▶ Assignment
Below is a listing to copy exactly; no image goes into the copy.
─── Stored data
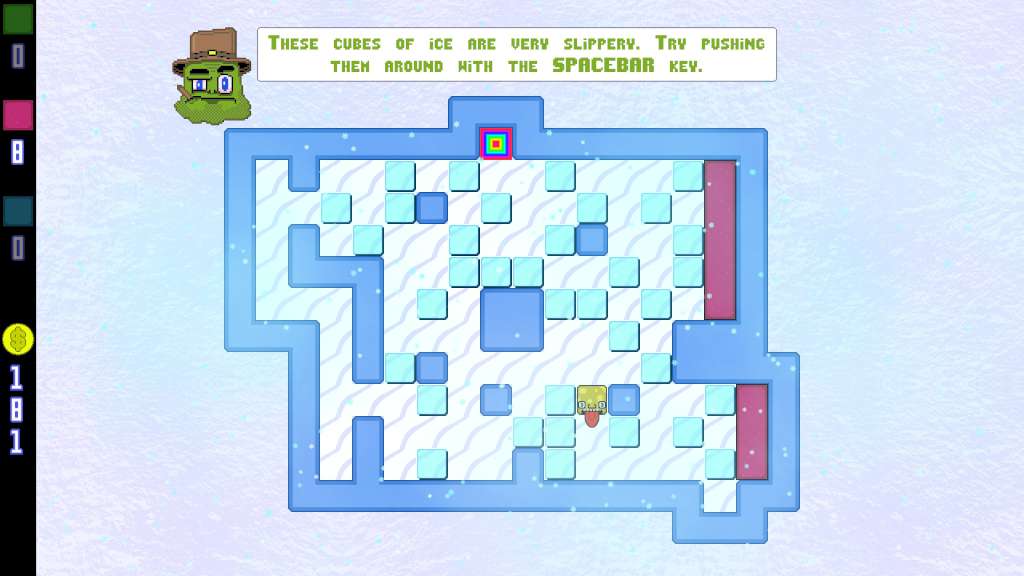 Screenshot 17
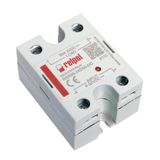 RSR95-24D50-DC Solid State Relay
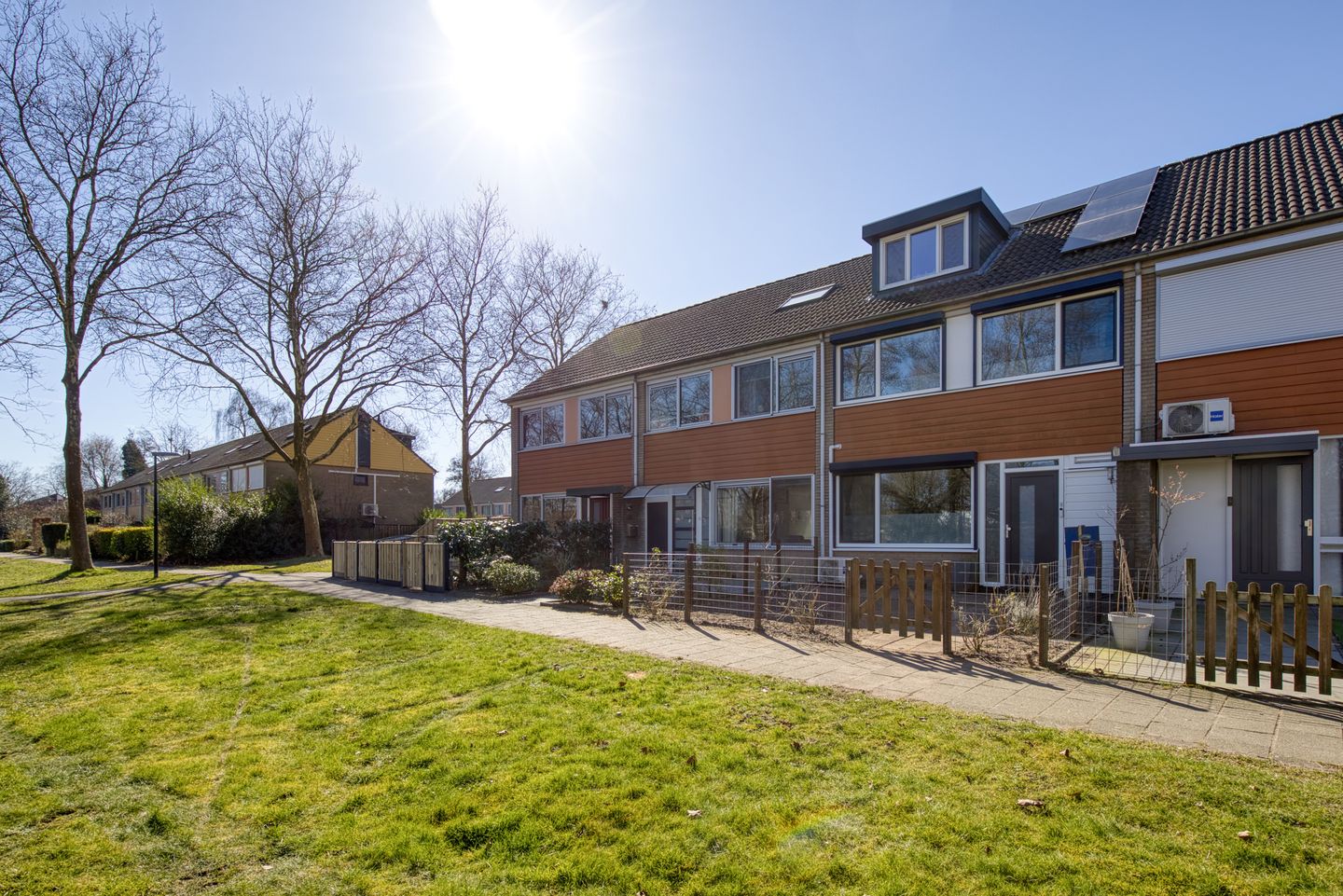 Foto 4 van Drapeniersdonk 139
──────
▶ Solution below
 Screenshot 17
 RSR95-24D50-DC Solid State Relay
 Foto 4 van Drapeniersdonk 139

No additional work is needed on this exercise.